# [Material supplied]
────────────────────
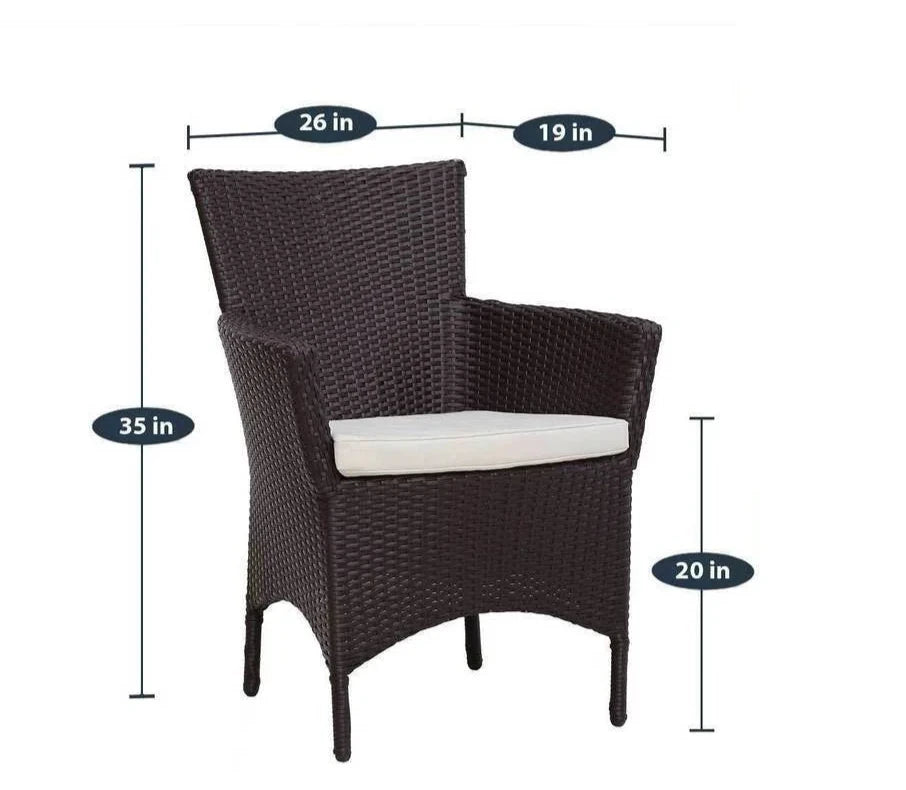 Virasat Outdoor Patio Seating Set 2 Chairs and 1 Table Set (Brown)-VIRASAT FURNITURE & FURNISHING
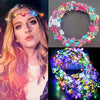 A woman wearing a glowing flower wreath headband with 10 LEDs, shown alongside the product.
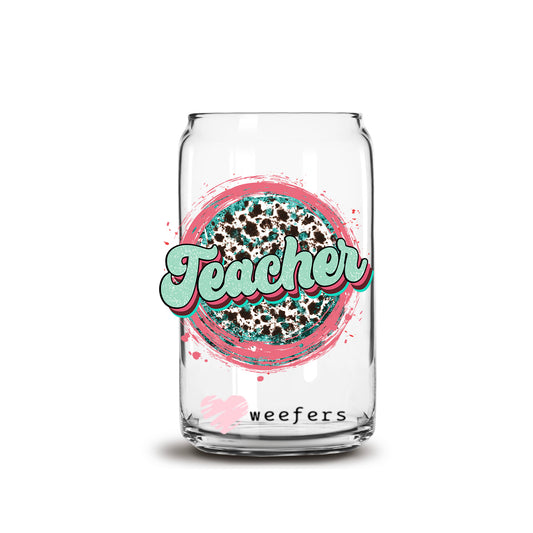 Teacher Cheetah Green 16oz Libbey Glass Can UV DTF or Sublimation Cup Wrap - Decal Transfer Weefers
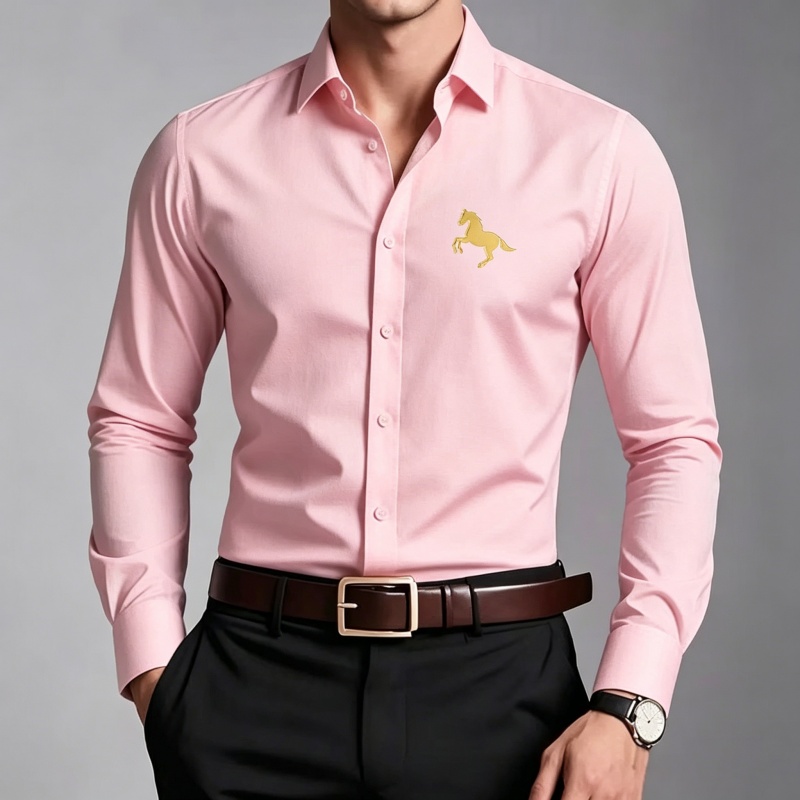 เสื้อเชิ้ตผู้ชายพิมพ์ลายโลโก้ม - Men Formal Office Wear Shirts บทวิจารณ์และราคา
────────────────────
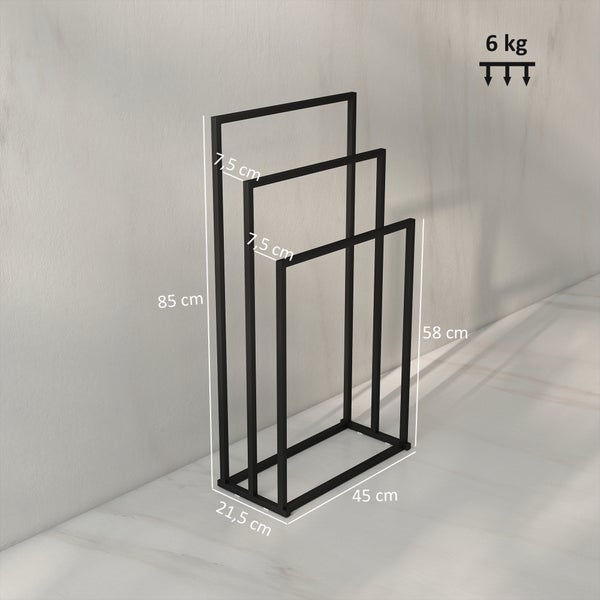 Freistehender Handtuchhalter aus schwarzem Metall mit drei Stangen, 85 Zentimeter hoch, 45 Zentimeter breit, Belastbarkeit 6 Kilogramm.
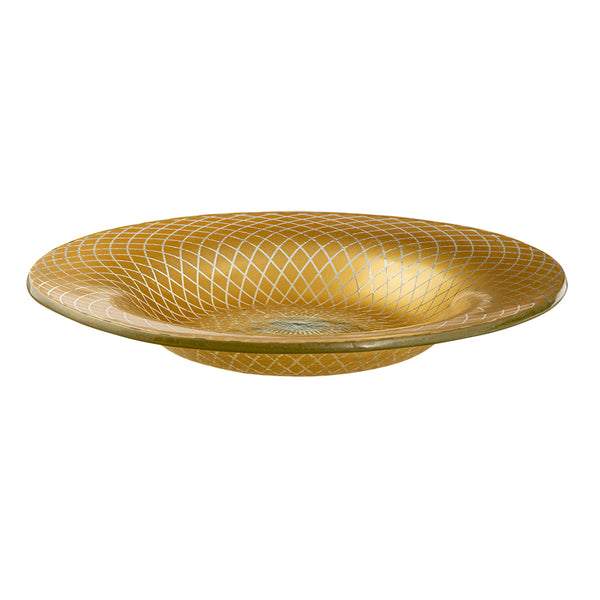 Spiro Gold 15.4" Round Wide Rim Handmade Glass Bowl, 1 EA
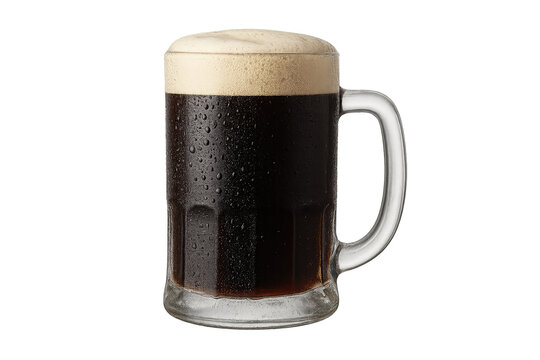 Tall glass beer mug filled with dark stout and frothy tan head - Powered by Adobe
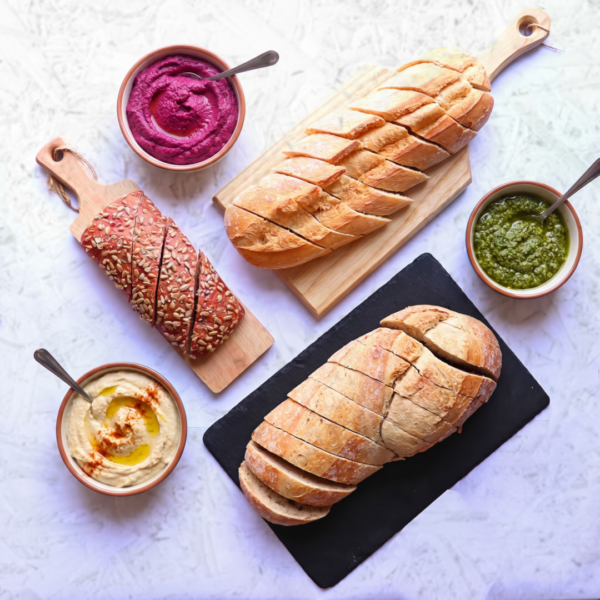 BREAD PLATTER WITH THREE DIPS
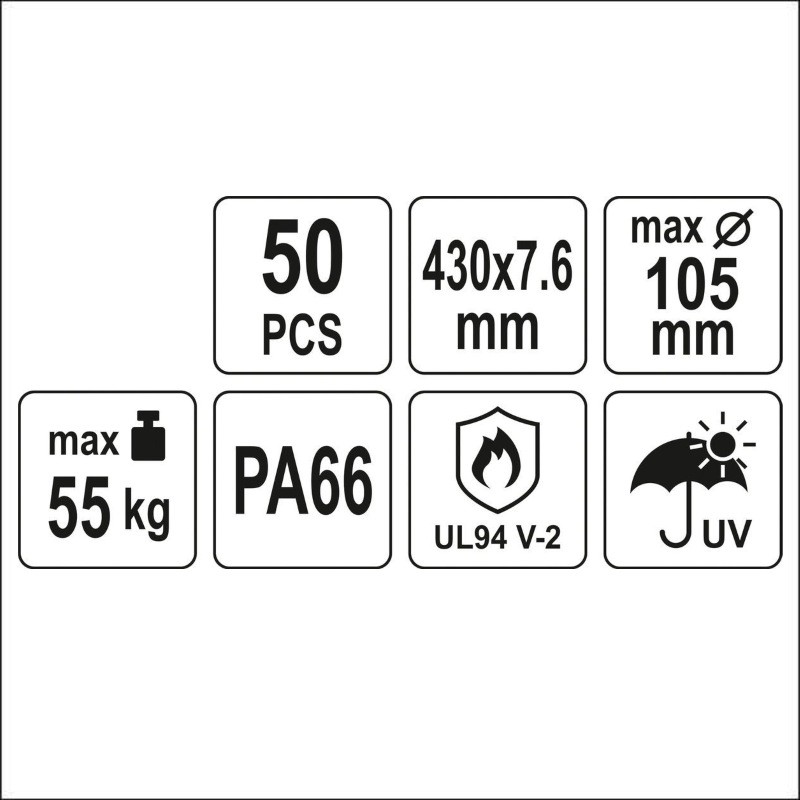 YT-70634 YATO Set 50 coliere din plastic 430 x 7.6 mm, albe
────────────────────
# [Task statement]
Starting with the line that has "Freistehender Handtuchhalter aus" and ending with the line that has "Glass Bowl, 1 EA", repeat the lines above exactly, omitting every picture.

# [Task result]
 Freistehender Handtuchhalter aus schwarzem Metall mit drei Stangen, 85 Zentimeter hoch, 45 Zentimeter breit, Belastbarkeit 6 Kilogramm.
 Spiro Gold 15.4" Round Wide Rim Handmade Glass Bowl, 1 EA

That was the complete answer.